A Jackson Heights husband-and-wife team are hoping to break a curse that has plagued film festivals in Queens.
Don and Katha Cato are kicking off the first Queens World Film Festival Thursday with a selection of films at the Jackson Heights Cinema and the Renaissance Charter School.
The four-day marathon of independent movies will feature more than 120 short and feature-length films - with Queens filmmakers contributing about a third of the flicks. All of the money raised from the first night of festivities will benefit wounded soldiers, organizers said.
"We have a huge filmmaking community here in Queens, and we can support a world-class film festival," Katha Cato said.
The independent film celebration will also include international and gay and lesbian flicks, panels for up-and-coming filmmakers, an awards ceremony and an evening of short films made for and by local youth.
"We'd like the festival to become a destination event for people who want to see films," said Don Cato, who screened hundreds of submissions with his wife to pick the lineup. "It'll give the borough of Queens a little spotlight."
The Catos put the event together after its predecessor, the Queens International Film Festival, imploded in 2009. Its organizer, Marie Castaldo, was accused of stiffing bands, guests and vendors. She pleaded guilty to fraud in September and was later deported, authorities said.
The couple, who had volunteered for the festival for years, said they learned just two days before the November 2009 opening that the bills hadn't been paid.
They wound up paying about $5,000 out of pocket to ensure that the show did, in fact, go on.

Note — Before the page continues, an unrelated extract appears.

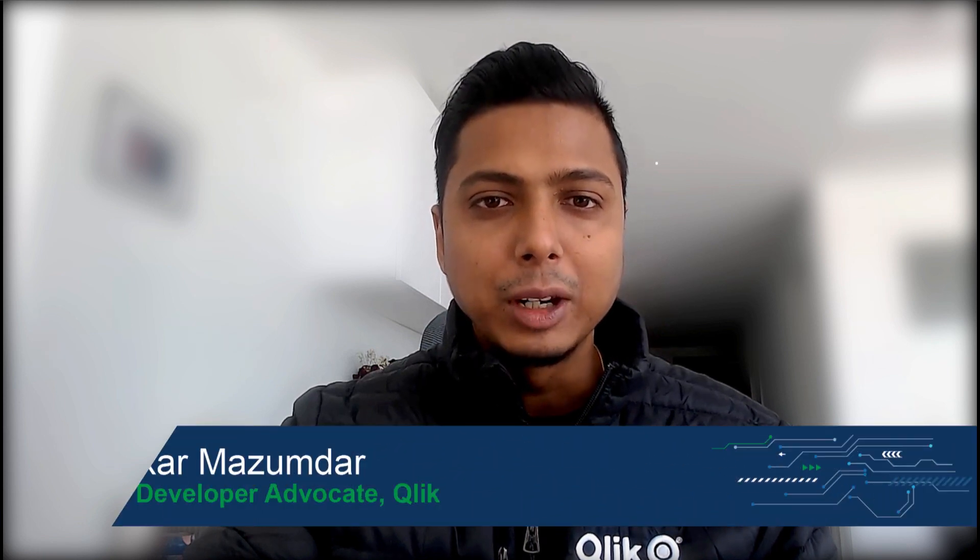Hi everyone, my name is Dipankar and I'm a developer advocate at Qlik. Welcome back to another Making Sense video. Let's get started.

The Jackson Heights Film and Food Festival also fell apart that same year after the Eagle Theater and then the Jackson Triplex closed without warning - leaving the festival without a venue.
But that doesn't mean there isn't a hunger in Queens for the kind of movies rarely shown in multiplexes, said David Schwartz, chief curator at the Museum of the Moving Image.
"The audience is out there," he said. But "there are not that many venues that show international and independent films."